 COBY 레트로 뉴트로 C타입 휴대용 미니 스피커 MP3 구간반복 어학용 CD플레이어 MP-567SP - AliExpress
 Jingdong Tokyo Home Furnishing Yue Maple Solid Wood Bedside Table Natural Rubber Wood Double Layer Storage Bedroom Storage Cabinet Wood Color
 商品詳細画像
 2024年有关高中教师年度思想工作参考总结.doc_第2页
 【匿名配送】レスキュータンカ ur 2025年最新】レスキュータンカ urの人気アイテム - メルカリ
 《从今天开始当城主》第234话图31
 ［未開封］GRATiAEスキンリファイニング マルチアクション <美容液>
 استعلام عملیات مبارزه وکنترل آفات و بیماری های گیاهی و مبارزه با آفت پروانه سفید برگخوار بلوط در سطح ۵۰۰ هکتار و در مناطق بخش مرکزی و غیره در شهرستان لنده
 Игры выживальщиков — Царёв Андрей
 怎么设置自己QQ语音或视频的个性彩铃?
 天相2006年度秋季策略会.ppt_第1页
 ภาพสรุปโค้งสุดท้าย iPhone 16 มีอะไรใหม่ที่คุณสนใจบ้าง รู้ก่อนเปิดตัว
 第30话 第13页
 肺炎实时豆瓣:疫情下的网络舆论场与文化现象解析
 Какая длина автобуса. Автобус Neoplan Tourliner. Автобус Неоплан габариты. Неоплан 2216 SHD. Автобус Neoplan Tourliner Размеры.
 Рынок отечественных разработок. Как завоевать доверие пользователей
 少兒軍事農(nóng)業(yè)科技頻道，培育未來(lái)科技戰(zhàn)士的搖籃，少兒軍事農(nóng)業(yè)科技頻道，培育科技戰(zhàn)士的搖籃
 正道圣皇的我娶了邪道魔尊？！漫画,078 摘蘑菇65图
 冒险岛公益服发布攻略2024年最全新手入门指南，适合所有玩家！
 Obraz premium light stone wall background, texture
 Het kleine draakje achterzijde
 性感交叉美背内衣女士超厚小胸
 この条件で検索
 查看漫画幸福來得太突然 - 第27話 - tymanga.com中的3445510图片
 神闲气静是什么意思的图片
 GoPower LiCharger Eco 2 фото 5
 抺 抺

Task instructions: Give back, unchanged, the run of lines in the listing above that begins at the line containing "怎么设置自己QQ语音或视频的个性彩铃?" and ends at the line containing "Рынок отечественных разработок.", both included.

Output for this exercise:
 怎么设置自己QQ语音或视频的个性彩铃?
 天相2006年度秋季策略会.ppt_第1页
 ภาพสรุปโค้งสุดท้าย iPhone 16 มีอะไรใหม่ที่คุณสนใจบ้าง รู้ก่อนเปิดตัว
 第30话 第13页
 肺炎实时豆瓣:疫情下的网络舆论场与文化现象解析
 Какая длина автобуса. Автобус Neoplan Tourliner. Автобус Неоплан габариты. Неоплан 2216 SHD. Автобус Neoplan Tourliner Размеры.
 Рынок отечественных разработок. Как завоевать доверие пользователей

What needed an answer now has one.